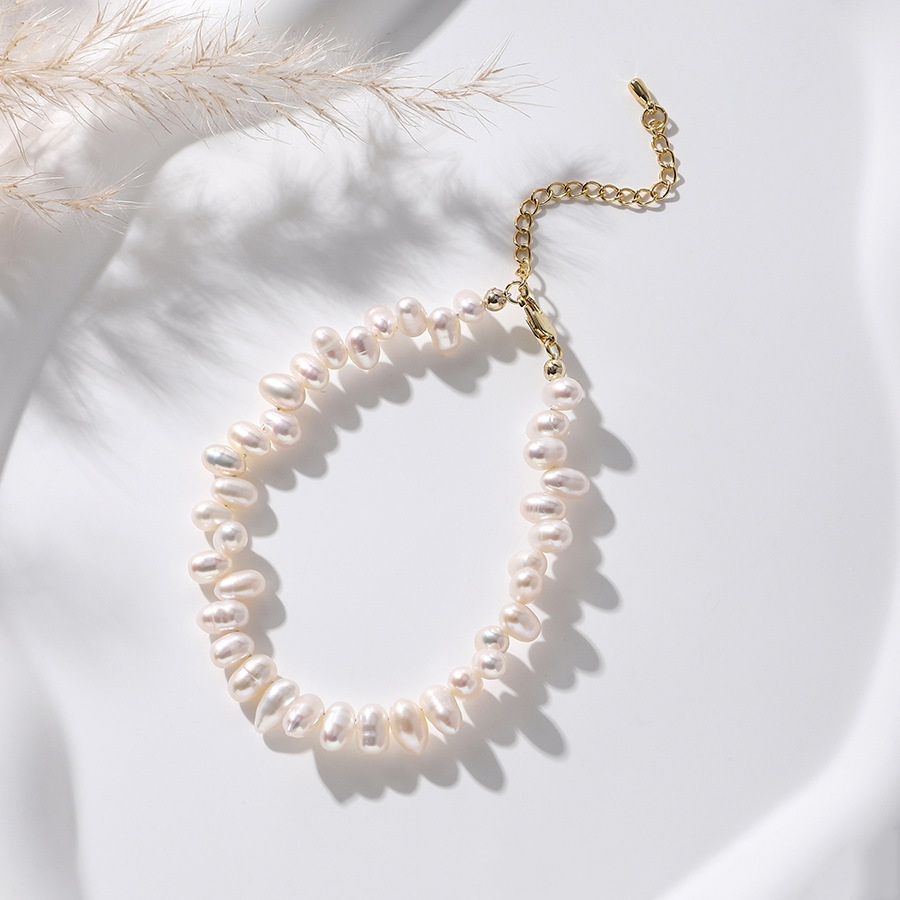 2:Misplaced natural pearl bracelet (no. 13)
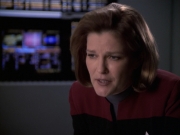 extant_StarTrek_VOY_6x19-ChildsPlay_01309.jpg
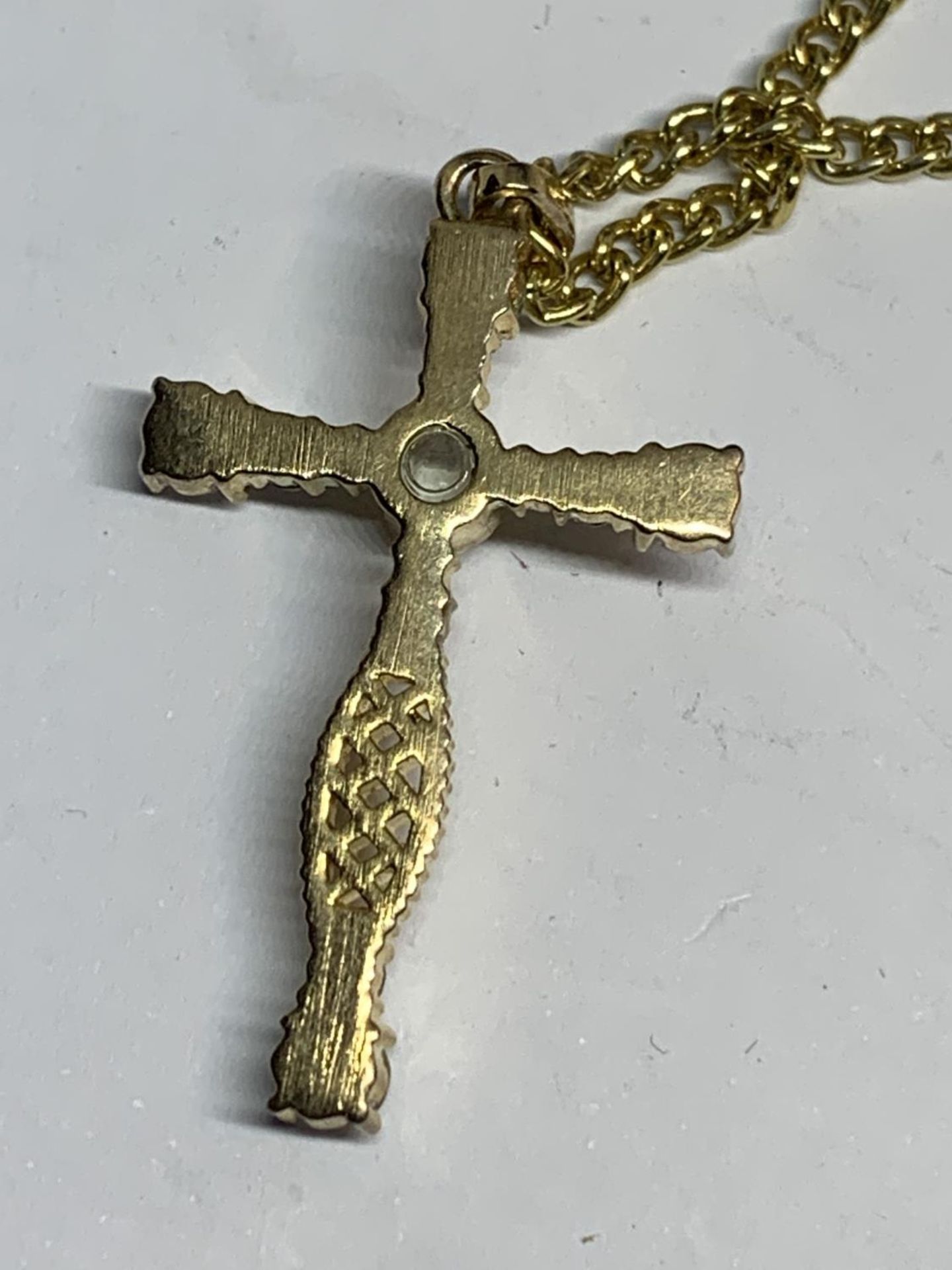 A NECKLACE WITH A CRYSTAL CROSS IN A PRESENTATION BOX - Image 3 of 3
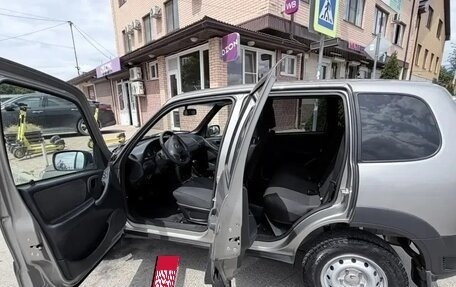 Chevrolet Niva I рестайлинг, 2017 год, 750 000 рублей, 7 фотография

#####

DIRECTIONS: Only the pictures are to be left out; write out all the other data exactly.

ANSWER SPACE:
 2:Misplaced natural pearl bracelet (no. 13)
 extant_StarTrek_VOY_6x19-ChildsPlay_01309.jpg
 A NECKLACE WITH A CRYSTAL CROSS IN A PRESENTATION BOX - Image 3 of 3
 Chevrolet Niva I рестайлинг, 2017 год, 750 000 рублей, 7 фотография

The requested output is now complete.